Task to complete
Could you set down exactly the lines in the records below between the line holding "KAKUSODE Collarless Shirt" and the line holding "Entering Busy Roundabouts", inclusive?
Data provided: Begin
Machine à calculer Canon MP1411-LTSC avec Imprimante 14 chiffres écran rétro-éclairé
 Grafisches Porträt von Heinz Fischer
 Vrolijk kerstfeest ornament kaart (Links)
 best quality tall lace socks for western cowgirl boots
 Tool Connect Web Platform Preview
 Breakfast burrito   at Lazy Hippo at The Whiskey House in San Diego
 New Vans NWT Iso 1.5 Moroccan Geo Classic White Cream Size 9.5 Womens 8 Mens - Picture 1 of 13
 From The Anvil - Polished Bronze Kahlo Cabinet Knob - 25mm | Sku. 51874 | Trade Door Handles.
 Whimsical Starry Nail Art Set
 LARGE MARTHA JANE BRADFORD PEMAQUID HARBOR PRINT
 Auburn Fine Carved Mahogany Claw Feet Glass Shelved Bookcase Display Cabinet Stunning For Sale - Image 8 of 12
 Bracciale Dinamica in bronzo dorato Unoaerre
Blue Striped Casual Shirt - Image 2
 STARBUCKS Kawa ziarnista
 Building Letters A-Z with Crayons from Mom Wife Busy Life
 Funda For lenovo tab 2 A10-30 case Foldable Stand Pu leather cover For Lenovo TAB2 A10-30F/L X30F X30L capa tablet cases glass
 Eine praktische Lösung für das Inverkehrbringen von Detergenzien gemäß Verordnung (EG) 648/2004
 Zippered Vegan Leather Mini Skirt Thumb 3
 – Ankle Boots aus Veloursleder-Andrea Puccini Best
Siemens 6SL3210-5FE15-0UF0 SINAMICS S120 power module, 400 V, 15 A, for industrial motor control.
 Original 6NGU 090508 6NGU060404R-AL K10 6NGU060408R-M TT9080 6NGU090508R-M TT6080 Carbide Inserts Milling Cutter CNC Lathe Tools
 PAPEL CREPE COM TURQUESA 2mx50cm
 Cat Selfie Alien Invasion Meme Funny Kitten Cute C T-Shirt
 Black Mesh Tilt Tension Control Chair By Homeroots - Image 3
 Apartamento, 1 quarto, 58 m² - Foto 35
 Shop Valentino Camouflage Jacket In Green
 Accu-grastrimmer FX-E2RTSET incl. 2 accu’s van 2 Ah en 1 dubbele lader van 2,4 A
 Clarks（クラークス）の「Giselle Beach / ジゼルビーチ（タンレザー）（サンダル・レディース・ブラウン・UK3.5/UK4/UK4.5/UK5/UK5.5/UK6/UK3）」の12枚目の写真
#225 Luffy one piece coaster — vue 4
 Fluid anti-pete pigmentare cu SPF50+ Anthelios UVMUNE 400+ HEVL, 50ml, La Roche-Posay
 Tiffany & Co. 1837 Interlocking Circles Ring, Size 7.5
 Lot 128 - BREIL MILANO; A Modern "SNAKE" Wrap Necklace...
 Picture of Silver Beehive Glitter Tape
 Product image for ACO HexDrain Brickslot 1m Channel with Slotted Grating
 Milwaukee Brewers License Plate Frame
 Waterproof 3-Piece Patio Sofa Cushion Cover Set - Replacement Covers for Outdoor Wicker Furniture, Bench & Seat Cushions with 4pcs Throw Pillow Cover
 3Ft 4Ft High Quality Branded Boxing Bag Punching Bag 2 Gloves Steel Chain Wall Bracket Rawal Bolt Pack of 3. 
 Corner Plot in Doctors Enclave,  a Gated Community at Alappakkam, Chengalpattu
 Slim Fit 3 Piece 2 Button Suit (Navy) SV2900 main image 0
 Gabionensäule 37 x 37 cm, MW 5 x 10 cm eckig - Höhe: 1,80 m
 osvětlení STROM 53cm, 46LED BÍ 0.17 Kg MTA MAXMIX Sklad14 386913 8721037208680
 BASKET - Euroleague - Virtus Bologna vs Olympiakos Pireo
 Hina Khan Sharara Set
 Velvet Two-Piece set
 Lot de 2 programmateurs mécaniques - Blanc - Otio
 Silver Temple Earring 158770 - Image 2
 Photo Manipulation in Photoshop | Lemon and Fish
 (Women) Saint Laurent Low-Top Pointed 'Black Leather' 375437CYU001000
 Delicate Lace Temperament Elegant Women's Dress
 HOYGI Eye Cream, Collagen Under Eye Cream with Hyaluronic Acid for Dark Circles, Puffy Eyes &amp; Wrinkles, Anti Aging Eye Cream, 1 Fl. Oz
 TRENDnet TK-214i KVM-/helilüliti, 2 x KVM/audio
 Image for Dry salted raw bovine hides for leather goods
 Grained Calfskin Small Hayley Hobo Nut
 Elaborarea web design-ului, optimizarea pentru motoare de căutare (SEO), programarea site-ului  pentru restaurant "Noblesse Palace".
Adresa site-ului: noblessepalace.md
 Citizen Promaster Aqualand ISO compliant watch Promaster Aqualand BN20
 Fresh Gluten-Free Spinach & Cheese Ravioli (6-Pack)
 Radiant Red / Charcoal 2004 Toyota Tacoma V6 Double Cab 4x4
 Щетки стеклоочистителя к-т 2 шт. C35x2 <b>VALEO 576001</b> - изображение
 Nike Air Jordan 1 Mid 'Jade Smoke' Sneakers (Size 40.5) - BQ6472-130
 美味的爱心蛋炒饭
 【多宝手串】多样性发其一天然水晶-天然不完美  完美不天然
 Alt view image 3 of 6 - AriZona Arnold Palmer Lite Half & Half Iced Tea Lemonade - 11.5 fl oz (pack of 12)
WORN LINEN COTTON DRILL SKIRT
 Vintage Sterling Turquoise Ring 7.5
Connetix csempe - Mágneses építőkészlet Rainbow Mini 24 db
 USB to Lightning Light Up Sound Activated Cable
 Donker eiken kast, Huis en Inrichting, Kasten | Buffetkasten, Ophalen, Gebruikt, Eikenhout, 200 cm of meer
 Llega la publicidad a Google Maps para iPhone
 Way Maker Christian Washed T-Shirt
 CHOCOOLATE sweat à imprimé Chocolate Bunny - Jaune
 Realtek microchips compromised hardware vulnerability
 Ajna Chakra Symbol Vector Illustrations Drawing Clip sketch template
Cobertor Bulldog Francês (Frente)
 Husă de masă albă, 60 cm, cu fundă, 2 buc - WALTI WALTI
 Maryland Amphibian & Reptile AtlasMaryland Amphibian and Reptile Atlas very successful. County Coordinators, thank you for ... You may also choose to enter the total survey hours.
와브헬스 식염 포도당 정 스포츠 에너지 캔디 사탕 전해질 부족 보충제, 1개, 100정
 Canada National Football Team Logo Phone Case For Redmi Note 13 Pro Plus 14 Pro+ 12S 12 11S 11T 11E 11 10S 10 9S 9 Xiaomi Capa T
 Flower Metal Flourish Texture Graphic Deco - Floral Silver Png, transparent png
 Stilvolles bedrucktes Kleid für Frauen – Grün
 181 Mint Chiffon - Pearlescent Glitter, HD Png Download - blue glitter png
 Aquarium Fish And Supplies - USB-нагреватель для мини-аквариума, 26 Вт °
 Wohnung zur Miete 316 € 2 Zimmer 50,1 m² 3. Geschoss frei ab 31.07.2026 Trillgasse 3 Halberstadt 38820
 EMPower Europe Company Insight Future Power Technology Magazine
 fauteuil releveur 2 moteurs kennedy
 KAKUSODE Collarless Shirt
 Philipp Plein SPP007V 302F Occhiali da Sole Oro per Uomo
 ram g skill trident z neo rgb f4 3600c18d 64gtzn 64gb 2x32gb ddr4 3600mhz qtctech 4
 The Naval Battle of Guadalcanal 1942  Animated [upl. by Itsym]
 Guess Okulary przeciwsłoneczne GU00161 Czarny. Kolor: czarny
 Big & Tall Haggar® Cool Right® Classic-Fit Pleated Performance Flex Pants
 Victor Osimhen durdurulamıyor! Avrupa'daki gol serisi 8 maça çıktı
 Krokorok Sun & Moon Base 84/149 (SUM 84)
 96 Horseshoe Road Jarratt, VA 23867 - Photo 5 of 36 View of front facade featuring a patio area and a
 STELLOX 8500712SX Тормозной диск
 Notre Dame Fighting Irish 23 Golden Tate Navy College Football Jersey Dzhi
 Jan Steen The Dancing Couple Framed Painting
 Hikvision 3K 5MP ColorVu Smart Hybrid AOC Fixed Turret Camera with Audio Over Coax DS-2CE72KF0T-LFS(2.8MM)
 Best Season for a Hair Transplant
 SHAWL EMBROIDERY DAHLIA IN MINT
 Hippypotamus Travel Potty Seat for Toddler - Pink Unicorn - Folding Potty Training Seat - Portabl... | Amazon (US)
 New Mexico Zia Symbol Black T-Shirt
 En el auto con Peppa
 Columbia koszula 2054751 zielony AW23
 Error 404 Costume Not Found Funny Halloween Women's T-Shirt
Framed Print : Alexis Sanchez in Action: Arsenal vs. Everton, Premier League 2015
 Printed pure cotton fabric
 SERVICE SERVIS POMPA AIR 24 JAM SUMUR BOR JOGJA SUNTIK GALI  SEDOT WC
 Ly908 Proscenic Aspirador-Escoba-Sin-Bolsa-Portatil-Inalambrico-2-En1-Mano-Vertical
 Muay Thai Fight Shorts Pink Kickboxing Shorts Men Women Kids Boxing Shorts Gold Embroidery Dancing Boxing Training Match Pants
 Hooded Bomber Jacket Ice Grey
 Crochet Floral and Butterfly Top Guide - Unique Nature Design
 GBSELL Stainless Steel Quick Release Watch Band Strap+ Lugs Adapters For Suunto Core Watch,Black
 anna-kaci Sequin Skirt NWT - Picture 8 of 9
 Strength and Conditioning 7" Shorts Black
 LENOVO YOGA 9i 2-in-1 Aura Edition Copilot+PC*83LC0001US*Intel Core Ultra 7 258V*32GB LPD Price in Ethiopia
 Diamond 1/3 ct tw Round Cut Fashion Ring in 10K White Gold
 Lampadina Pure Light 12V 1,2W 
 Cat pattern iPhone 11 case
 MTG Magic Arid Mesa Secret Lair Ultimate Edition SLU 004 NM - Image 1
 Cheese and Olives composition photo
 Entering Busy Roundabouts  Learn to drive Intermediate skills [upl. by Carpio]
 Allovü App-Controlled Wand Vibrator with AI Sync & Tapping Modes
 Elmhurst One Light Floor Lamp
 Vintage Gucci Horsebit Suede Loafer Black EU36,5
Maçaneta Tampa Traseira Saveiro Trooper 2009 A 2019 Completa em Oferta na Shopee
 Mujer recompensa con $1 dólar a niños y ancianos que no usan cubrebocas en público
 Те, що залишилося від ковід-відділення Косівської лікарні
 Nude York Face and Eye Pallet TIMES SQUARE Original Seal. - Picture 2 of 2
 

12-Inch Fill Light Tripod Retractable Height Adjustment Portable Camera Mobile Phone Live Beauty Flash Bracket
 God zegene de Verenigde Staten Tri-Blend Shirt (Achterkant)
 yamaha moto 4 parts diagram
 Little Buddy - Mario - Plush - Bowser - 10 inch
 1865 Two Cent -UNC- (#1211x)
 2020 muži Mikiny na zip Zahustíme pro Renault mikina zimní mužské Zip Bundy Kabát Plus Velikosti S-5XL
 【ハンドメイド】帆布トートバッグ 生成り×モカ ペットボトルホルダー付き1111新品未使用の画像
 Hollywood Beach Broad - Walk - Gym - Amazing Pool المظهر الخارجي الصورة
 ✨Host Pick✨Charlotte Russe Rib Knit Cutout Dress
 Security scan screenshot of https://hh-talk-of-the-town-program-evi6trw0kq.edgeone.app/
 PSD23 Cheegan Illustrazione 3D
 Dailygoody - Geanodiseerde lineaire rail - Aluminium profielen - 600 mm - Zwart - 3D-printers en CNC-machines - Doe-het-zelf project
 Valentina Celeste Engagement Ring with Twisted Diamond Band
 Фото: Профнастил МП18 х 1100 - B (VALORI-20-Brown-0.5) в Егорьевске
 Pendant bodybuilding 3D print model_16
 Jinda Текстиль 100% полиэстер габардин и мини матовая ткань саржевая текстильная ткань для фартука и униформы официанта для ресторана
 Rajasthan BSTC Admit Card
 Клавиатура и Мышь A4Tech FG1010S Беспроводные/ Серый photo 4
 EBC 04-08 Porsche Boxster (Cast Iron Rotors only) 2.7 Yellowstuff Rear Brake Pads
Data provided: End
Solution for this task
 KAKUSODE Collarless Shirt
 Philipp Plein SPP007V 302F Occhiali da Sole Oro per Uomo
 ram g skill trident z neo rgb f4 3600c18d 64gtzn 64gb 2x32gb ddr4 3600mhz qtctech 4
 The Naval Battle of Guadalcanal 1942  Animated [upl. by Itsym]
 Guess Okulary przeciwsłoneczne GU00161 Czarny. Kolor: czarny
 Big & Tall Haggar® Cool Right® Classic-Fit Pleated Performance Flex Pants
 Victor Osimhen durdurulamıyor! Avrupa'daki gol serisi 8 maça çıktı
 Krokorok Sun & Moon Base 84/149 (SUM 84)
 96 Horseshoe Road Jarratt, VA 23867 - Photo 5 of 36 View of front facade featuring a patio area and a
 STELLOX 8500712SX Тормозной диск
 Notre Dame Fighting Irish 23 Golden Tate Navy College Football Jersey Dzhi
 Jan Steen The Dancing Couple Framed Painting
 Hikvision 3K 5MP ColorVu Smart Hybrid AOC Fixed Turret Camera with Audio Over Coax DS-2CE72KF0T-LFS(2.8MM)
 Best Season for a Hair Transplant
 SHAWL EMBROIDERY DAHLIA IN MINT
 Hippypotamus Travel Potty Seat for Toddler - Pink Unicorn - Folding Potty Training Seat - Portabl... | Amazon (US)
 New Mexico Zia Symbol Black T-Shirt
 En el auto con Peppa
 Columbia koszula 2054751 zielony AW23
 Error 404 Costume Not Found Funny Halloween Women's T-Shirt
Framed Print : Alexis Sanchez in Action: Arsenal vs. Everton, Premier League 2015
 Printed pure cotton fabric
 SERVICE SERVIS POMPA AIR 24 JAM SUMUR BOR JOGJA SUNTIK GALI  SEDOT WC
 Ly908 Proscenic Aspirador-Escoba-Sin-Bolsa-Portatil-Inalambrico-2-En1-Mano-Vertical
 Muay Thai Fight Shorts Pink Kickboxing Shorts Men Women Kids Boxing Shorts Gold Embroidery Dancing Boxing Training Match Pants
 Hooded Bomber Jacket Ice Grey
 Crochet Floral and Butterfly Top Guide - Unique Nature Design
 GBSELL Stainless Steel Quick Release Watch Band Strap+ Lugs Adapters For Suunto Core Watch,Black
 anna-kaci Sequin Skirt NWT - Picture 8 of 9
 Strength and Conditioning 7" Shorts Black
 LENOVO YOGA 9i 2-in-1 Aura Edition Copilot+PC*83LC0001US*Intel Core Ultra 7 258V*32GB LPD Price in Ethiopia
 Diamond 1/3 ct tw Round Cut Fashion Ring in 10K White Gold
 Lampadina Pure Light 12V 1,2W 
 Cat pattern iPhone 11 case
 MTG Magic Arid Mesa Secret Lair Ultimate Edition SLU 004 NM - Image 1
 Cheese and Olives composition photo
 Entering Busy Roundabouts  Learn to drive Intermediate skills [upl. by Carpio]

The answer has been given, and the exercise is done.